= Data records =

------------------------------

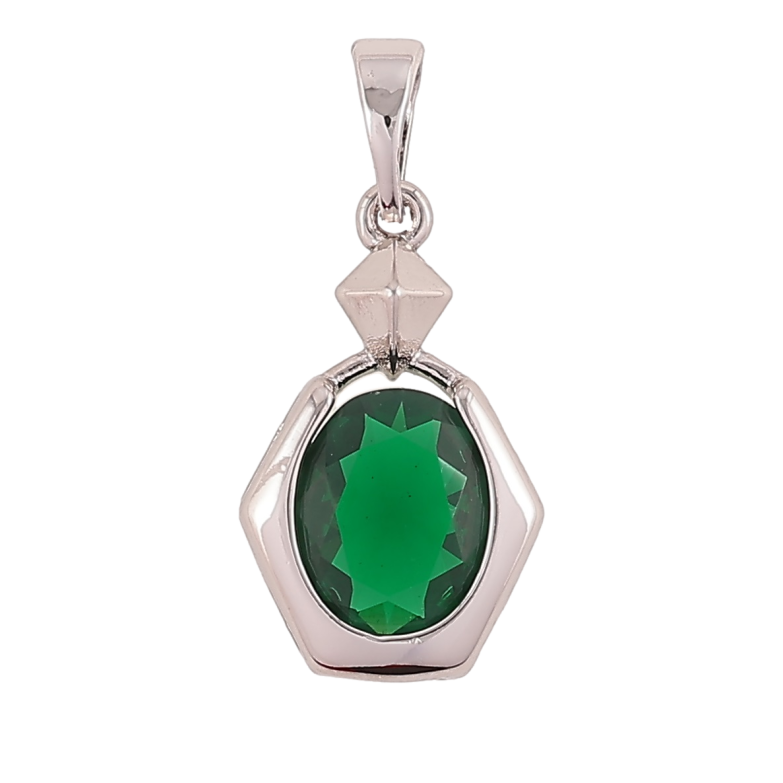 Кулон Xuping Родий Фигурная подвеска с зеленым фианитом для цепочки до 5мм фото №1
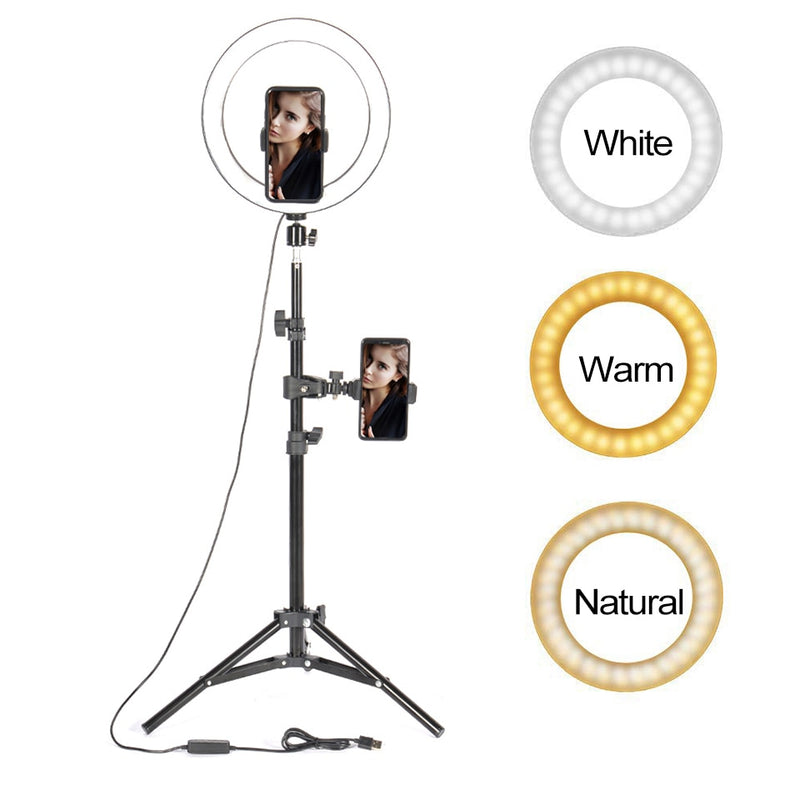 Anillo de luz LED de 10 ", anillo de iluminación para Selfie fotográfico con soporte para teléfono inteligente, Youtube, maquillaje, vídeo, estudio, trípode, anillo de luz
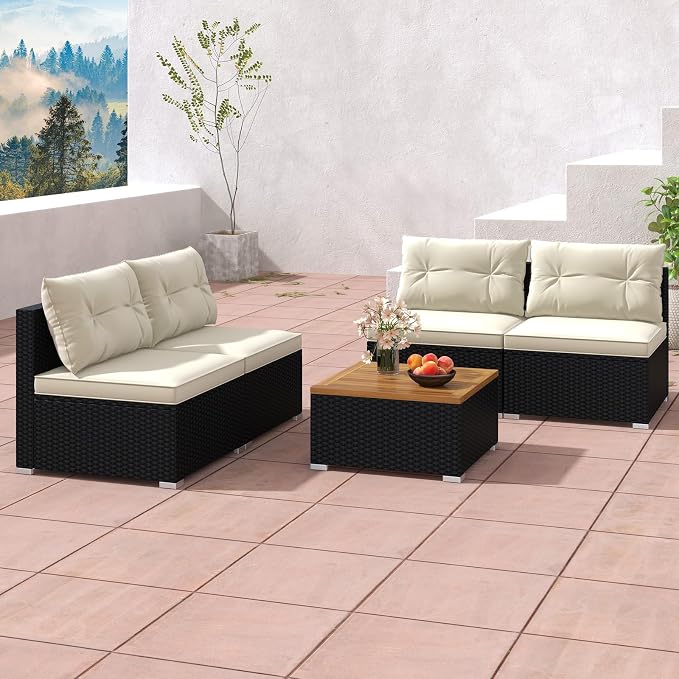 Tangkula 5 Piece Rattan Sofa Set, Patiojoy Outdoor Wicker Furniture Set - Image 2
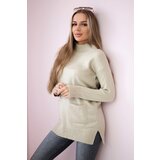 Kesi Sweater with stand-up collar beige | shoptok.hr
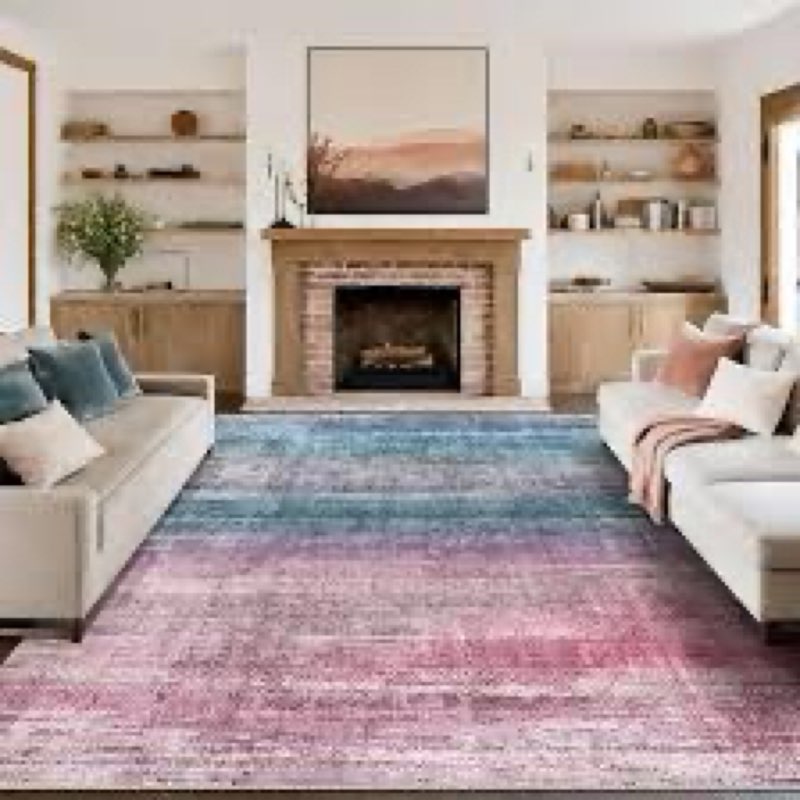 Kokia Abstract Area Rugs 9x12 Bedroom Washable Decor Low Pile Non-Slip Non-Shedding Indoor Carpet Fo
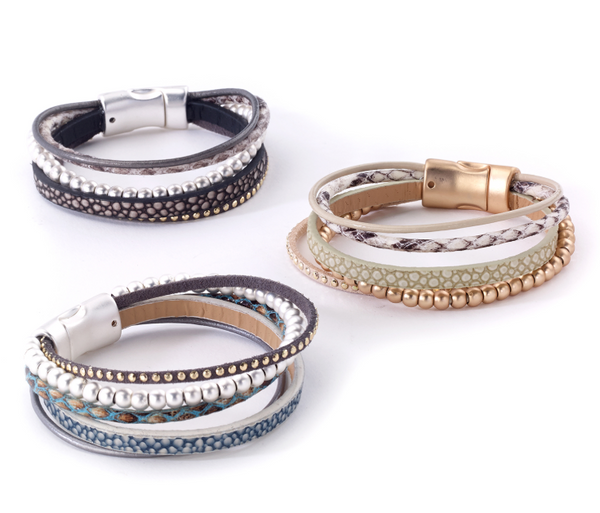 bracelet - Snake Leather and Beads Bracelet - Girl Intuitive - Island Imports -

------------------------------

= Task details =
Output each line of the listing above, word for word, from the one holding "Kokia Abstract Area" through the last line, both included; omit the pictures.

= Result below =
 Kokia Abstract Area Rugs 9x12 Bedroom Washable Decor Low Pile Non-Slip Non-Shedding Indoor Carpet Fo
 bracelet - Snake Leather and Beads Bracelet - Girl Intuitive - Island Imports -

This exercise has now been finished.